* The task *
From the first line to the last, write out the material exactly.

* Data to process *
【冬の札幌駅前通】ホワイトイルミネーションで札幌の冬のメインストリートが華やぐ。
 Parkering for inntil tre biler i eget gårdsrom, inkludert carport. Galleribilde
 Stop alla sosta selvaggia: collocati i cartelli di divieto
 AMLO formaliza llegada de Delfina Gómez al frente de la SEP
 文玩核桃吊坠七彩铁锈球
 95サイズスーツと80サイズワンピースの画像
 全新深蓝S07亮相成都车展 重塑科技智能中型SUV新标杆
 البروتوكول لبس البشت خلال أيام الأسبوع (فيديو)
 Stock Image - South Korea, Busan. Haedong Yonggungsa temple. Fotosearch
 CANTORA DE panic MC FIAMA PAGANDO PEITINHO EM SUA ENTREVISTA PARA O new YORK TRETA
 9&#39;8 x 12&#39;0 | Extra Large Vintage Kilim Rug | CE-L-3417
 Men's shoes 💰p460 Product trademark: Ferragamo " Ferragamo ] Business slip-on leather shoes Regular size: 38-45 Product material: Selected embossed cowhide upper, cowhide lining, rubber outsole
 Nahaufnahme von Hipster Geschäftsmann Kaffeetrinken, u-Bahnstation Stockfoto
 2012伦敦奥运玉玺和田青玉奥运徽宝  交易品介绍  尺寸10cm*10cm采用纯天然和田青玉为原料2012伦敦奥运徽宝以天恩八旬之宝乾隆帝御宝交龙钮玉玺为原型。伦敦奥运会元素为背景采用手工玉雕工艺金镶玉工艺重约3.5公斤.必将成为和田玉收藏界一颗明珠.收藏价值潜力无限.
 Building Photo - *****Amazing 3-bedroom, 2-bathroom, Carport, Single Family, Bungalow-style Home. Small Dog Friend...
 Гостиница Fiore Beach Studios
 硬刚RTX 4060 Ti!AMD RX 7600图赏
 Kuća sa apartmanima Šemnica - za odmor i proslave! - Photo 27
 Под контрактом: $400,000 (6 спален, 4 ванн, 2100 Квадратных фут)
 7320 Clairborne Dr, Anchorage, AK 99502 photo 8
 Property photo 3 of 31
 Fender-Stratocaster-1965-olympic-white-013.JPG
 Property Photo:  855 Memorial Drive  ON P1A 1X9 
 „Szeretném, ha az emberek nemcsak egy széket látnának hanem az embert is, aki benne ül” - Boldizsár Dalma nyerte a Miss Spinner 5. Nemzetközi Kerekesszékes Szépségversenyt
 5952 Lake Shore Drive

* Task solution *
【冬の札幌駅前通】ホワイトイルミネーションで札幌の冬のメインストリートが華やぐ。
 Parkering for inntil tre biler i eget gårdsrom, inkludert carport. Galleribilde
 Stop alla sosta selvaggia: collocati i cartelli di divieto
 AMLO formaliza llegada de Delfina Gómez al frente de la SEP
 文玩核桃吊坠七彩铁锈球
 95サイズスーツと80サイズワンピースの画像
 全新深蓝S07亮相成都车展 重塑科技智能中型SUV新标杆
 البروتوكول لبس البشت خلال أيام الأسبوع (فيديو)
 Stock Image - South Korea, Busan. Haedong Yonggungsa temple. Fotosearch
 CANTORA DE panic MC FIAMA PAGANDO PEITINHO EM SUA ENTREVISTA PARA O new YORK TRETA
 9&#39;8 x 12&#39;0 | Extra Large Vintage Kilim Rug | CE-L-3417
 Men's shoes 💰p460 Product trademark: Ferragamo " Ferragamo ] Business slip-on leather shoes Regular size: 38-45 Product material: Selected embossed cowhide upper, cowhide lining, rubber outsole
 Nahaufnahme von Hipster Geschäftsmann Kaffeetrinken, u-Bahnstation Stockfoto
 2012伦敦奥运玉玺和田青玉奥运徽宝  交易品介绍  尺寸10cm*10cm采用纯天然和田青玉为原料2012伦敦奥运徽宝以天恩八旬之宝乾隆帝御宝交龙钮玉玺为原型。伦敦奥运会元素为背景采用手工玉雕工艺金镶玉工艺重约3.5公斤.必将成为和田玉收藏界一颗明珠.收藏价值潜力无限.
 Building Photo - *****Amazing 3-bedroom, 2-bathroom, Carport, Single Family, Bungalow-style Home. Small Dog Friend...
 Гостиница Fiore Beach Studios
 硬刚RTX 4060 Ti!AMD RX 7600图赏
 Kuća sa apartmanima Šemnica - za odmor i proslave! - Photo 27
 Под контрактом: $400,000 (6 спален, 4 ванн, 2100 Квадратных фут)
 7320 Clairborne Dr, Anchorage, AK 99502 photo 8
 Property photo 3 of 31
 Fender-Stratocaster-1965-olympic-white-013.JPG
 Property Photo:  855 Memorial Drive  ON P1A 1X9 
 „Szeretném, ha az emberek nemcsak egy széket látnának hanem az embert is, aki benne ül” - Boldizsár Dalma nyerte a Miss Spinner 5. Nemzetközi Kerekesszékes Szépségversenyt
 5952 Lake Shore Drive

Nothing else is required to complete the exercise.